An exact reproduction is required of the lines from the beginning of the entries through the line with "Satisfyer Pixie Dust", pictures excluded and nothing added.

PROVIDED DATA ::
-=-=-

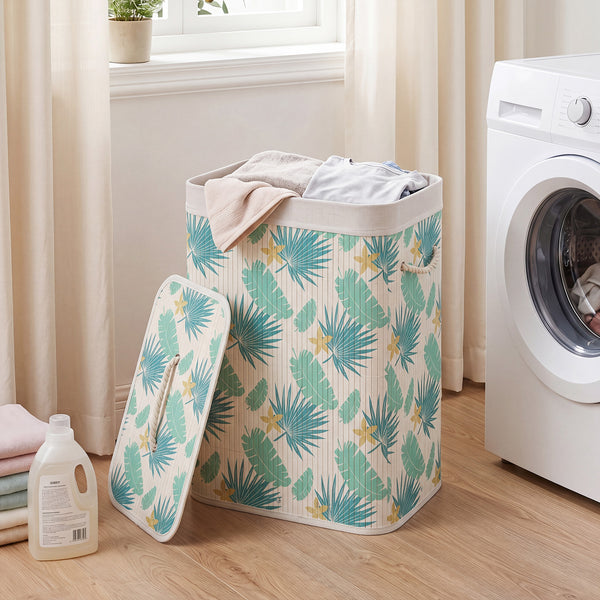 72 L Bamboo Hamper with Lid and Liner for Laundry Room or Bedroom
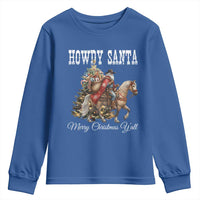 Black Santa Christmas Youth Sweatshirt African American Western Cowboy - Wonder Print Shop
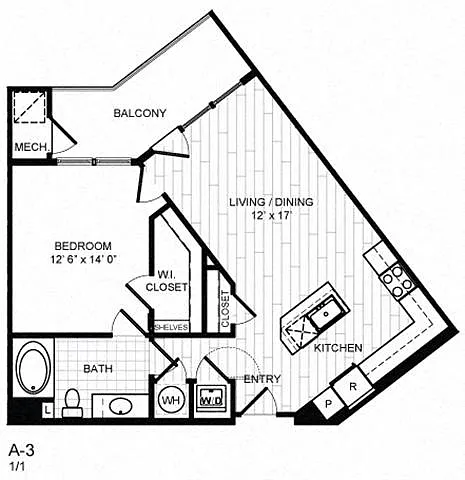 Floor plan 1 Bed, 1 Bath -A3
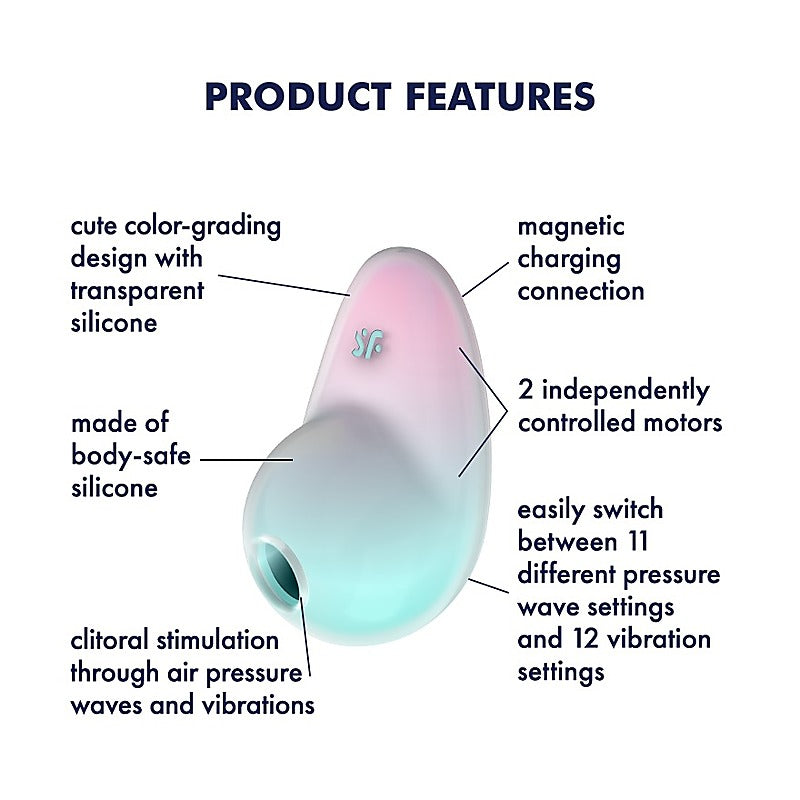 Satisfyer Pixie Dust Double Air Pulse Touch Free Clitoral Stimulator - Clit Ticklers and Pulsators
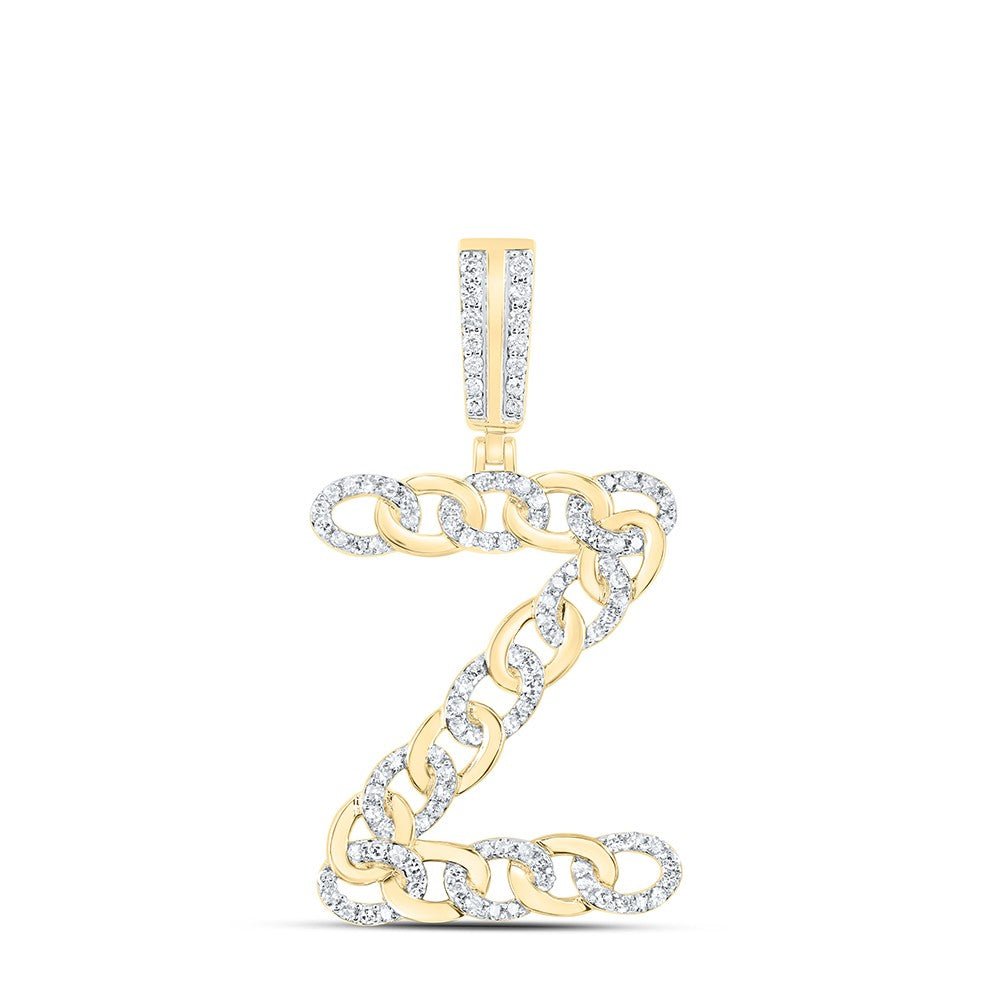 10k Yellow Gold 4.5g 0.57CTW Natural Diamond Cuban Initial "Z" Pendant Men Charm - Elite Jewelers - Charms & Pendants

-=-=-

ANSWER SPACE ::
 72 L Bamboo Hamper with Lid and Liner for Laundry Room or Bedroom
 Black Santa Christmas Youth Sweatshirt African American Western Cowboy - Wonder Print Shop
 Floor plan 1 Bed, 1 Bath -A3
 Satisfyer Pixie Dust Double Air Pulse Touch Free Clitoral Stimulator - Clit Ticklers and Pulsators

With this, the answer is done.